I've searched high and low on the internet and forums to no avail. Here are my config files if it helps:

/etc/apache2/modules.d/php4-cgi.conf

<IfDefine PHP4CGI>

        ScriptAlias /php4-cgi /usr/lib/php4/bin/php-cgi

        Action php4-cgi /php4-cgi

        AddHandler php4-cgi .php4 .php3 .phtml

</IFDefine>

/etc/apache2/vhosts.d/02_ctd_vhost.conf

<VirtualHost 192.168.1.66:80>

  ServerName ctd.tinderfields.net

  DocumentRoot /var/www/localhost/ctd.tinderfields.net

  DirectoryIndex index.html index.htm index.php

  php_admin_value include_path ".:/var/www/localhost/ctd.tinderfields.net"

  <Directory /var/www/localhost/ctd.tinderfields.net>

    AddHandler php4-cgi .php

    Options FollowSymLinks

    AllowOverride All

    Order allow,deny

    Allow from all

  </Directory>

</VirtualHost>

I am running hardened gentoo with apache 2.2, if that makes any difference

Thanks for your time...Last edited by paulodeon on Sat Aug 25, 2007 8:29 am; edited 1 time in total

----------

## rman77

I had this problem along time ago on a red hat box, the problem is the apache user doesn't have permission to access /usr/lib/php4/bin/php-cgi.

This can be caused by number of things such as suexec, selinux ect. (you mentioned you were running hardened gentoo are you using any of those?)

**EDIT**

Actually... on second though, it might be a simple problem... when executing php through cgi the script must be executable by the apache user, so if you haven't already, see if chmod +x myscript.php works.

----------

## paulodeon

Thanks for the suggestions, I think you might be on to the right thing there.

I'll check it as soon as I get into the office tomorrow.

Cheers

----------

## paulodeon

I set the user and group of php-cgi to apache.apache, did u+x and g+x on the php file and disabled Suexec from the the apache startup file but still no joy.

The only thing I can think that it could be now is that php4 isnt compatible with apache 2.2

I had to force install apache 2.2 because by default hardened comes with 2.0, maybe php4 isnt compiling correctly.

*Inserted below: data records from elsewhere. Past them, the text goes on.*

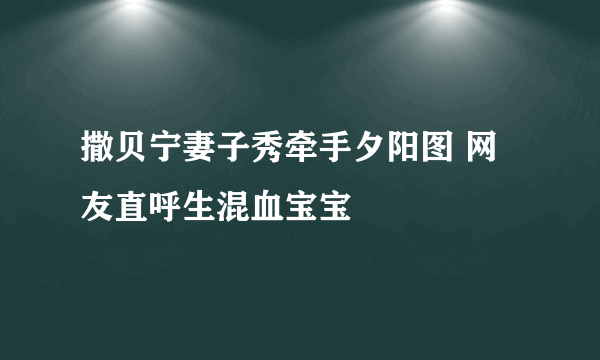 撒贝宁妻子秀牵手夕阳图 网友直呼生混血宝宝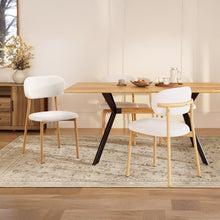 Load image into Gallery viewer, Nicole Fabric Dining Chair - Set of 4 - Beige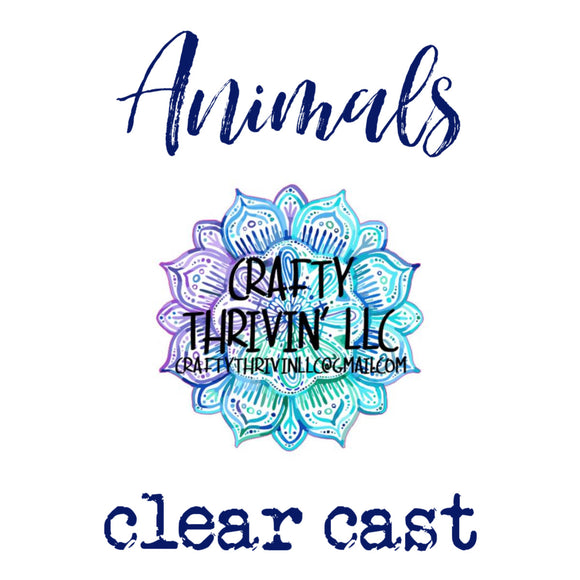 Animals Clear Cast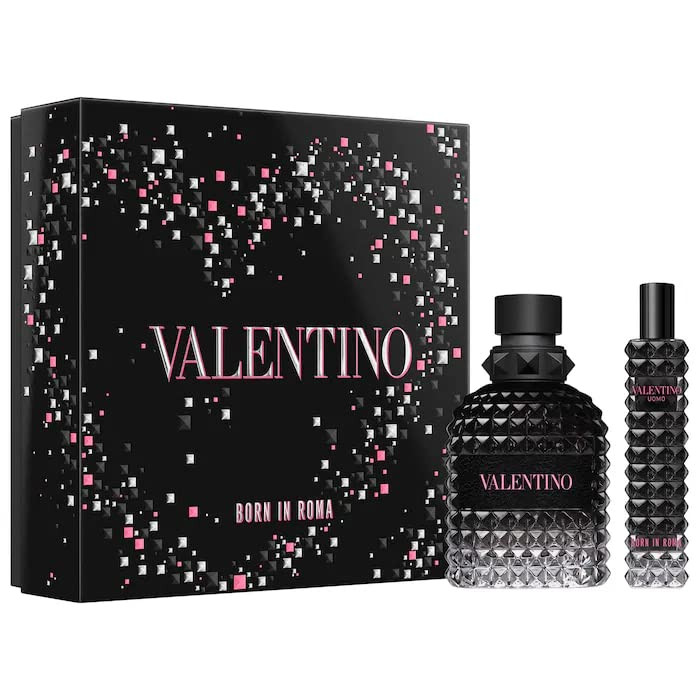 Valentino Uomo Born In Roma 2-Piece Travel Set For Men (3.4 Oz Eau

Whats really annoying is that I cant get any more information from the logs

----------

## paulodeon

Found the cause of the problem on the following gentoo forum post https://forums.gentoo.org/viewtopic-t-412827-highlight-php4cgi.html

I basically changed the file /etc/apache2/modules.d/php4-cgi.conf to:

IfDefine PHP4CGI>

        ScriptAlias /php4-cgi /usr/lib/php4/bin/php-cgi

        Action php4-cgi /php4-cgi

        AddHandler php4-cgi .php4 .php3 .phtml

        <Directory /usr/lib/php4/bin>

                AllowOverride None

                Options None

                Order allow,deny

                Allow from all

        </Directory>

</IFDefine>

I had actually tried this before but I had used   <Directory /php4-cgi> instead of <Directory /usr/lib/php4/bin>

thanks rman   :Very Happy: 

----------

## tecknojunky

 *paulodeon wrote:*   

> 
> 
>         <Directory /usr/lib/php4/bin>
> 
>                 AllowOverride None
> ...

 

Thanks!   :Very Happy:   For once, the forum gave me the exact solution right away thanks to you.

----------

## bfx81

...same problem with php5-cgi

...same solution (well obviously adjusting the php5 bin path!)

----------